In an Op-Ed column in this morning’s New York Times entitled Stop the Leaks, former Attorney General William P. Barr, former Deputy Attorney General Jamie S. Gorelick and former Assistant Attorney General for National Security and NAFUSA board member Kenneth L. Wainstein, published an Op-Ed joining the current debate over the disclosure that the Justice Department obtained the telephone records of Associated Press journalists, stating:
As former Justice Department officials who served in the three administrations preceding President Obama’s, we are worried that the criticism of the decision to subpoena telephone toll records of A.P. journalists in an important leak investigation sends the wrong message to the government officials who are responsible for our national security.
While neither we nor the critics know the circumstances behind the prosecutors’ decision to issue this subpoena, we do know from the government’s public disclosures that the prosecutors were right to investigate this leak vigorously. The leak — which resulted in a May 2012 article by The A.P. about the disruption of a Yemen-based terrorist plot to bomb an airliner — significantly damaged our national security.

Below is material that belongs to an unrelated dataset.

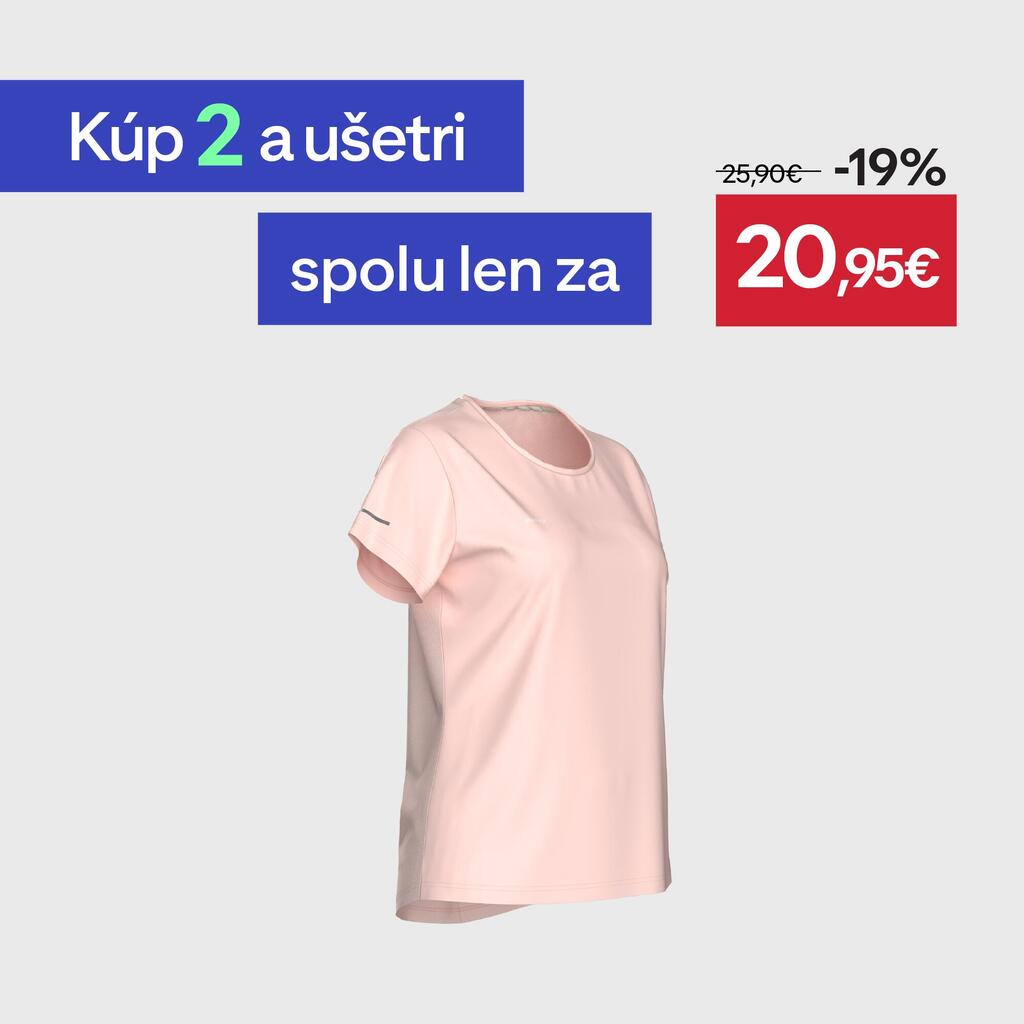 Dámske bežecké tričko Run 500 Dry priedušné ružové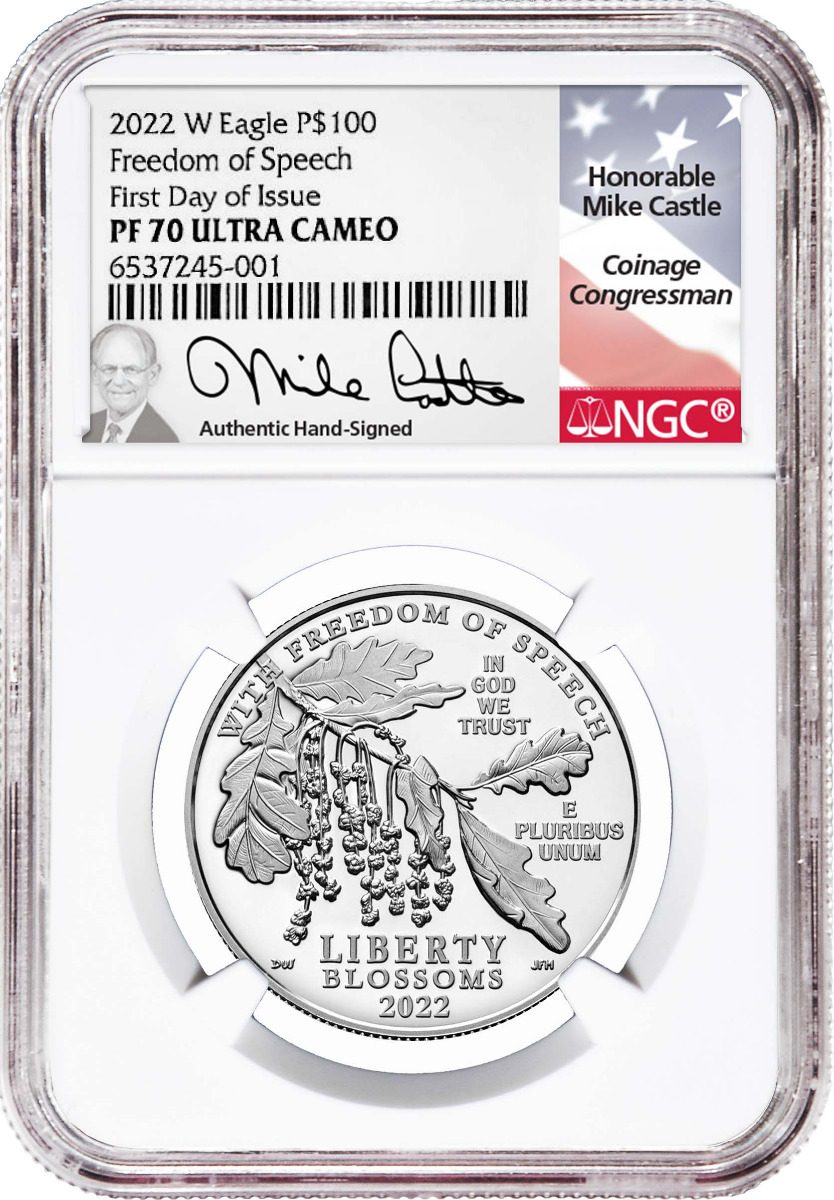 2022 $100 Platinum Eagles MS70/PF70 FDI Signed by Michael Castle - Westminster Mint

As for the process which led to a warrant for telephone toll log records for about 20 phone lines that the leaker might have used in conversations with A.P journalists, the former DOJ officials argued:
The decision was made at the highest levels of the Justice Department, under longstanding regulations that are well within the boundaries of the Constitution. Having participated in similar decisions, we know that they are made after careful deliberation, because the government does not lightly seek information about a reporter’s work. Along with the obligation to investigate and prosecute government employees who violate their duty to protect operational secrets, Justice Department officials recognize the need to minimize any intrusion into the operations of the free press.